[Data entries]
......

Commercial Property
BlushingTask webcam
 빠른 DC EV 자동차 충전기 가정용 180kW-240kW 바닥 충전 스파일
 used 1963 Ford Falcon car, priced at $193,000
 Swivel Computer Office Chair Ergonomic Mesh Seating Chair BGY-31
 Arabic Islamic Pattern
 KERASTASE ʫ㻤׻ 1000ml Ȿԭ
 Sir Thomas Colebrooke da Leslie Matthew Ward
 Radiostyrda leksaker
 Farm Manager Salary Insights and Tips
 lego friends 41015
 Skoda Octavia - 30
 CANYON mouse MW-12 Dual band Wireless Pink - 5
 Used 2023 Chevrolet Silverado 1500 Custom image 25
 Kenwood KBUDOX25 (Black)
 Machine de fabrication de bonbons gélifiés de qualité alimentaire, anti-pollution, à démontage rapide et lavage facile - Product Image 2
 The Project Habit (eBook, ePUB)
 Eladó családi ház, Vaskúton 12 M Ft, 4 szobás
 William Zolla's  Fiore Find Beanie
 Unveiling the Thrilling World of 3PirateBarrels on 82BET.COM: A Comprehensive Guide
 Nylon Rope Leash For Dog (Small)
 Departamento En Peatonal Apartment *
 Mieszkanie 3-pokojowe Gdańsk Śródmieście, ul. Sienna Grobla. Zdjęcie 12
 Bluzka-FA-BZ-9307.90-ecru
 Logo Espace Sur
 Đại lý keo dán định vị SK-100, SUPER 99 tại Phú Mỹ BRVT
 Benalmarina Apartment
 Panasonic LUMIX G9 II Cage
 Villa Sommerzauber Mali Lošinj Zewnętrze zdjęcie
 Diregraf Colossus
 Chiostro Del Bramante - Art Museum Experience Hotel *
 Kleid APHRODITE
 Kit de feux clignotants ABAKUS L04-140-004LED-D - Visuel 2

......

= THE TASK =
All records should be written out again exactly as given.

= SOLUTION =
Commercial Property
BlushingTask webcam
 빠른 DC EV 자동차 충전기 가정용 180kW-240kW 바닥 충전 스파일
 used 1963 Ford Falcon car, priced at $193,000
 Swivel Computer Office Chair Ergonomic Mesh Seating Chair BGY-31
 Arabic Islamic Pattern
 KERASTASE ʫ㻤׻ 1000ml Ȿԭ
 Sir Thomas Colebrooke da Leslie Matthew Ward
 Radiostyrda leksaker
 Farm Manager Salary Insights and Tips
 lego friends 41015
 Skoda Octavia - 30
 CANYON mouse MW-12 Dual band Wireless Pink - 5
 Used 2023 Chevrolet Silverado 1500 Custom image 25
 Kenwood KBUDOX25 (Black)
 Machine de fabrication de bonbons gélifiés de qualité alimentaire, anti-pollution, à démontage rapide et lavage facile - Product Image 2
 The Project Habit (eBook, ePUB)
 Eladó családi ház, Vaskúton 12 M Ft, 4 szobás
 William Zolla's  Fiore Find Beanie
 Unveiling the Thrilling World of 3PirateBarrels on 82BET.COM: A Comprehensive Guide
 Nylon Rope Leash For Dog (Small)
 Departamento En Peatonal Apartment *
 Mieszkanie 3-pokojowe Gdańsk Śródmieście, ul. Sienna Grobla. Zdjęcie 12
 Bluzka-FA-BZ-9307.90-ecru
 Logo Espace Sur
 Đại lý keo dán định vị SK-100, SUPER 99 tại Phú Mỹ BRVT
 Benalmarina Apartment
 Panasonic LUMIX G9 II Cage
 Villa Sommerzauber Mali Lošinj Zewnętrze zdjęcie
 Diregraf Colossus
 Chiostro Del Bramante - Art Museum Experience Hotel *
 Kleid APHRODITE
 Kit de feux clignotants ABAKUS L04-140-004LED-D - Visuel 2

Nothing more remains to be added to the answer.